Conte v. Greater Houston Bank

Decision Date19 August 1982
Docket NumberNo. C2993,C2993
Citation641 S.W.2d 411
PartiesJoseph P. CONTE, Appellant, v. GREATER HOUSTON BANK, Appellee. (14th Dist.)
CourtTexas Court of Appeals

Charles A. Botschen, Groom, Miglicco, Gibson, Bussell & Stewart, Houston, for appellant.

Don M. Kennedy, Gregg K. Saxe, Ladin & Engel, Houston, for appellee.

Before MILLER, MORSE and JAMES, JJ.

OPINION

MORSE, Justice.

Appellant Joseph P. Conte appeals from a summary judgment for appellee Greater Houston Bank declaring that it may, at its sole discretion, accelerate payment upon demand of the entire balance and accrued interest due and owing on a $1,700,000 real estate lien note bearing interest on unpaid principal at nine and one-half percent per annum, decreeing that appellant take nothing on his cross-actions and pay costs, and denying all other relief. We overrule all eleven points of error asserted by appellant and affirm the judgment of the trial court.

Appellee filed suit seeking a declaration of its rights under the following provision in the real estate lien note:

"ON DEMAND, BUT IF NO DEMAND IS MADE: principal and interest shall be due and payable in monthly installments of Fourteen Thousand Five Hundred Thirty Five and No/100 Dollars ($14,535.00) (or more) each, payable on the 4th day of each and every calendar month, beginning on the 4th day of May, 1978, and continuing regularly thereafter until the expiration of fifteen (15) years from the date hereof, when the entire amount hereof, principal and interest thereon remaining unpaid, shall then be due and payable; interest being calculated on the unpaid principal to the date of each installment paid and the payment made credited first to the discharge of the interest accrued and the balance to the reduction of the principal."
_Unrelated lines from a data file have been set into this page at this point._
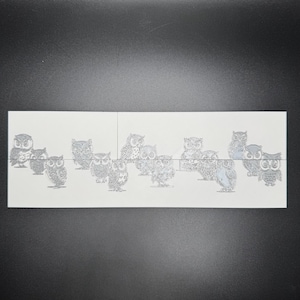 May include: A sheet of white paper with multiple black and white owl illustrations. The owls are in various poses and sizes.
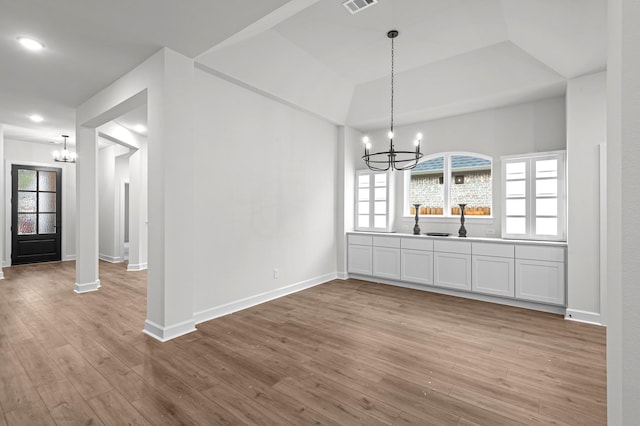 unfurnished dining area with light hardwood / wood-style floors and an inviting chandelier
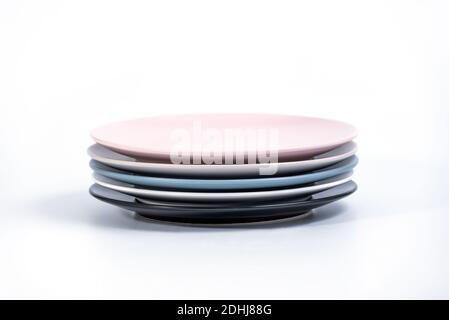 Stack of five colorful empty plates isolated on white background, side ...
Appellant, the maker of the note dated April 3, 1978, answered with a general denial and affirmative pleas of usury, waiver and estoppel, and failure of consideration. He added a cross-action asserting four causes of action, alleging that the purpose of the note was for permanent long term financing as an extension and renewal of prior notes and that $17,000 was required to be paid to appellee bank as a one percent "brokerage" fee. Further, appellant asserted that he maintained certificates of deposit in the amount of $1,800,000 with appellee bank for the first sixteen months after the note was executed. Appellant prayed as defendant that the court declare that plaintiff-appellee bank "has no right to make a demand upon defendant for the principal balance due and owing together with interest thereon." Appellant's answer asserted usury as an affirmative defense and his first two cross-actions were "based on usury." The first of these asserted that the "brokerage point" of $17,000 was in fact interest contracted for, charged and received which made the demand note usurious in excess of double the amount of interest allowed by law contrary to Tex.Rev.Civ.Stat.Ann. art. 5069 Sec. 1.06(2) (Vernon 1971), so as to cause forfeiture of all principal. The second cause of action based on usury asserted that the bank's requirement of maintenance of his certificates of deposit, as a compensating balance, reduced the true principal to zero and made the interest contracted for, charged and received usurious in excess of double the amount allowed by law so as to cause a forfeiture. Appellant's third and fourth cross-actions asserted a breach of contract and negligence in failing to carry out an alleged agreement for permanent financing in consideration of the $17,000 deduction from the funds advanced by the bank. Appellant sought damages of double the amount of interest plus attorney's fees, consequential damages, expenses and punitive damages. The trial court entered summary judgment for the bank and against all defenses and cross-actions.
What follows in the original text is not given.